National Infrastructures Minister Uzi Landau said the pipeline attack marked another blow to Egyptian-Israeli commercial ties.

“The most important economic connection between Israel and Egypt is eroding,” Landau said. “Electricity disruptions are not expected since we have other reserves, but energy will be more expensive.”

He said the price would increase by about 20 percent due to the use of gasoline and diesel fuel rather than gas, adding his job was to “maintain the supply of electricity” to Israel.

“Israel was ready to allow Egypt to deploy more forces in Sinai to secure the pipeline, even at the beginning of the Egyptian uprising, in opposition to the peace agreement,” he explained. “But I recommend against interfering since our neighboring country’s situation is not simple. Israel needs to rely on herself and the Tamar reserves can supply [the country’s gas] needs for the next 25 years.”

Egypt’s Nile television said flames from the station could be seen up to 20 kilometers away.

It gave no details on the causes of the explosion or the extent of damage, but said the security guard and some members of his family were believed to have been hurt.

MENA said the station pumps gas to another station in an area called Sheikh Zwayed, which then transfers the gas to Israel. The agency had earlier reported that the station was used to “export Egyptian gas abroad.”

Egypt has been trying to renegotiate gas prices with Israel and Jordan after former president Hosni Mubarak was forced to step down in February amid charges of corruption, including selling gas to Israel at below market prices.
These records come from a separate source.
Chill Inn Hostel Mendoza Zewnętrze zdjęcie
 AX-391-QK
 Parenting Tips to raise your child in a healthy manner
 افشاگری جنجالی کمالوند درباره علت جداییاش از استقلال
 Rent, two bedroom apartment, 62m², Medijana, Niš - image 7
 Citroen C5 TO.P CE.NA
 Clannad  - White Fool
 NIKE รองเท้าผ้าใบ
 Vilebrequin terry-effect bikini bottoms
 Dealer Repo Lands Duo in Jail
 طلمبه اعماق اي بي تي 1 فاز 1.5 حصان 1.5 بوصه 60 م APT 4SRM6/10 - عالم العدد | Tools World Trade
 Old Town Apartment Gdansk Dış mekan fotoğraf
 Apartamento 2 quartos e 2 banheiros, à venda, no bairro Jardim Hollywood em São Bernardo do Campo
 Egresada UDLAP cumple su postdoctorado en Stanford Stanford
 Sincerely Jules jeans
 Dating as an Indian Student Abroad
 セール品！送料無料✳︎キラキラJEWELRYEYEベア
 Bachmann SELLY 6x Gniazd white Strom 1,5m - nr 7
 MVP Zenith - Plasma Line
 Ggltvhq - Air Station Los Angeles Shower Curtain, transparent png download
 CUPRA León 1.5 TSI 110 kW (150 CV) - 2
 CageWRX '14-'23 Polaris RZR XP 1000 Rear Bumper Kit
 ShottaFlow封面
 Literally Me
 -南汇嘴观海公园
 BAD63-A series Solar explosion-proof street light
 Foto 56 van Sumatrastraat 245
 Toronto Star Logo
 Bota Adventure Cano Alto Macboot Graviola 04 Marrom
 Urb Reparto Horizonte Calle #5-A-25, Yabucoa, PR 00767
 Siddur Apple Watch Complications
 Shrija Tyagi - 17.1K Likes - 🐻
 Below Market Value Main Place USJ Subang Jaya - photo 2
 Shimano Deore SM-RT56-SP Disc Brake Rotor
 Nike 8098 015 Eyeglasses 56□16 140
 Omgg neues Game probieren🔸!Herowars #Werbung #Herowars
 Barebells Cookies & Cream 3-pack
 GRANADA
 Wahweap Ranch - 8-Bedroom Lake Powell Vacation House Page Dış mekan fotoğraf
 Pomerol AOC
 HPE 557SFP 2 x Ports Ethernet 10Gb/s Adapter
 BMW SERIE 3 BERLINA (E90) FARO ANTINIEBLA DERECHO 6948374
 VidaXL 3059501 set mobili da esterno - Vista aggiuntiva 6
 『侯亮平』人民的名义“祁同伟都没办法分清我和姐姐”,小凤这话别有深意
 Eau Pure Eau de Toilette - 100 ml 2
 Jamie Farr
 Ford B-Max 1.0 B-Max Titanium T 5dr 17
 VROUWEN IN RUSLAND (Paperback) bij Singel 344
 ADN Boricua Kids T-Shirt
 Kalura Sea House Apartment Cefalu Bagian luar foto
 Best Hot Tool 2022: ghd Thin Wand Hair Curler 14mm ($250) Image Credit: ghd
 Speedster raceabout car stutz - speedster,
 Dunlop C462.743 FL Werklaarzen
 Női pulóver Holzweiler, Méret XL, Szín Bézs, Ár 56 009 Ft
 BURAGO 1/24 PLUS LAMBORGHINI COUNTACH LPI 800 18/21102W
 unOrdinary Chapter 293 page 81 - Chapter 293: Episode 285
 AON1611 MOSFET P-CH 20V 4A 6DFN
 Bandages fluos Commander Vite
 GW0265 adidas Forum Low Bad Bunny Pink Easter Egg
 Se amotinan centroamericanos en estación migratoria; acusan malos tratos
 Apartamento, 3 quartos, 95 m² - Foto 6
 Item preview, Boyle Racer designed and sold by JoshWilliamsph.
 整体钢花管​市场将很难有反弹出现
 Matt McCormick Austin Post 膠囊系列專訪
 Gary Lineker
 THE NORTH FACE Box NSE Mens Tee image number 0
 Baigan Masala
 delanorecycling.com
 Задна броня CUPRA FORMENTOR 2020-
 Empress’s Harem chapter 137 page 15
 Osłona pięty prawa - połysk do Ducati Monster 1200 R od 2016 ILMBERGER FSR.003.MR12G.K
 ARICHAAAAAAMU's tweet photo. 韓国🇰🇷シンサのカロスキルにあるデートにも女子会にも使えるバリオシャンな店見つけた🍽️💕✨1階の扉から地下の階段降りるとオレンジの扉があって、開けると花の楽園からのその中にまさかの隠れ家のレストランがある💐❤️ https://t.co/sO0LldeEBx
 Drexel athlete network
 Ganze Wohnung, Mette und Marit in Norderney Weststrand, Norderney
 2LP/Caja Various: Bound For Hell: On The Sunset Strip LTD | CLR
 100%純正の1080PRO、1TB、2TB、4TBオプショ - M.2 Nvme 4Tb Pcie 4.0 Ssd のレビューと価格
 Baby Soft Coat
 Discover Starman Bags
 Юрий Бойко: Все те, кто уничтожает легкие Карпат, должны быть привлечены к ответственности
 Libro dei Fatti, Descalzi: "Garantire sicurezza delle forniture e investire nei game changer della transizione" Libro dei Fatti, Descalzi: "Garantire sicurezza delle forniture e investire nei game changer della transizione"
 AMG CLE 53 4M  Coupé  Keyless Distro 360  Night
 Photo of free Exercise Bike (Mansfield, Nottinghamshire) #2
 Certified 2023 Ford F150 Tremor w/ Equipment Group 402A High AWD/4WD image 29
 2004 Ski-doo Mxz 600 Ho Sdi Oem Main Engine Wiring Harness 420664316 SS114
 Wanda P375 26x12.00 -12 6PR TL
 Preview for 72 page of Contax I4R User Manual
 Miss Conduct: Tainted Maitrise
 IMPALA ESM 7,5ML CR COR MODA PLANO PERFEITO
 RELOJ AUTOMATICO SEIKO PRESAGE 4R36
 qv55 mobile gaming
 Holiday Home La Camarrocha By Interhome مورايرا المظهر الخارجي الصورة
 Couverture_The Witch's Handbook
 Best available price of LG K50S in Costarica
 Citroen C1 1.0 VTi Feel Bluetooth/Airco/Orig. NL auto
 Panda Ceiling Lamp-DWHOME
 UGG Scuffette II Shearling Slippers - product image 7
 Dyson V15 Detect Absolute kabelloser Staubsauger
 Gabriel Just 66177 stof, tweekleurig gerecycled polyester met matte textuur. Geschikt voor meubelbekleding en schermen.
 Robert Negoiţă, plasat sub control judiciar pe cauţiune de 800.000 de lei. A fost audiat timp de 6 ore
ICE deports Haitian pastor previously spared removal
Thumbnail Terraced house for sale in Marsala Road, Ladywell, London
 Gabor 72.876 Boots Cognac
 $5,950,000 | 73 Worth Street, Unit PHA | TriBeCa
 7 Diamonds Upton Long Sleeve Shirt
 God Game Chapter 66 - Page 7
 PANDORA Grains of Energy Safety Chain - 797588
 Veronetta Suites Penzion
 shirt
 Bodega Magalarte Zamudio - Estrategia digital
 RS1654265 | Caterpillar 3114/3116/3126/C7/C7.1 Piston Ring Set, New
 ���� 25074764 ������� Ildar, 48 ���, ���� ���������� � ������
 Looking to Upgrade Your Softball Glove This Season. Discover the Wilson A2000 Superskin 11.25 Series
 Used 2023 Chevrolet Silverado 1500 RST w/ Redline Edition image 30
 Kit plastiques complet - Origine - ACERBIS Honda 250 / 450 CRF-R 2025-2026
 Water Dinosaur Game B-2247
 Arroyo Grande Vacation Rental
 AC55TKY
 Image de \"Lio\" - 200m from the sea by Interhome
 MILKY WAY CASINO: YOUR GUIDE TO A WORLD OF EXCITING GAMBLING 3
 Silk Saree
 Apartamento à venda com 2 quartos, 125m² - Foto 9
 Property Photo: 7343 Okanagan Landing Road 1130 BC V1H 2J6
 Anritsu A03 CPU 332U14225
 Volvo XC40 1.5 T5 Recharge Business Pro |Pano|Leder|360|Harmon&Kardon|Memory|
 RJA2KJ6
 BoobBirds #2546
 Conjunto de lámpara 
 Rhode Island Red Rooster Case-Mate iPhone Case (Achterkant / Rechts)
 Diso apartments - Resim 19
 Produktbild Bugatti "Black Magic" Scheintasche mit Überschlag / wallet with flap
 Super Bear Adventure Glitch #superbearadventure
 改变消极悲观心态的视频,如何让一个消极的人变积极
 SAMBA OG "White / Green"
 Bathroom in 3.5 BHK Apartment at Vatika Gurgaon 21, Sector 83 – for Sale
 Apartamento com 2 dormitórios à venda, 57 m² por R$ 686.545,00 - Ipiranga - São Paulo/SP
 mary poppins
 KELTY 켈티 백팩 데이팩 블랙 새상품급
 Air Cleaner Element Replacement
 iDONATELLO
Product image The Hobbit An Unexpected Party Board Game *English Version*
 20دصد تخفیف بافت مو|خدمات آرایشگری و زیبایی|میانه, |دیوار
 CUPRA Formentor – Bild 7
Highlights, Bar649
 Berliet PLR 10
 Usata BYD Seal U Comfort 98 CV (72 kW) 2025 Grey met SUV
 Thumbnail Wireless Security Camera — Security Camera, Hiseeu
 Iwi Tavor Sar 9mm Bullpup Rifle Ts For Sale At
Israel says it pays market rates.

MENA said that the governor of Northern Sinai and the area’s security chief arrived on the scene as security forces searched for those responsible, and that fire trucks were trying to contain the flames.

Egypt’s gas transport company, Gasco, a subsidiary of the national gas company EGAS, has been finalizing repairs on a pipeline that supplies gas to Israel and Egypt, and was expected to complete the work over the weekend.

A security source said after the blast on July 4 that men in a small truck who were armed with machine guns forced guards at the station to flee, and then planted explosive charges.

Previous attacks on the pipeline on April 27 and February 5 forced its closure for several weeks.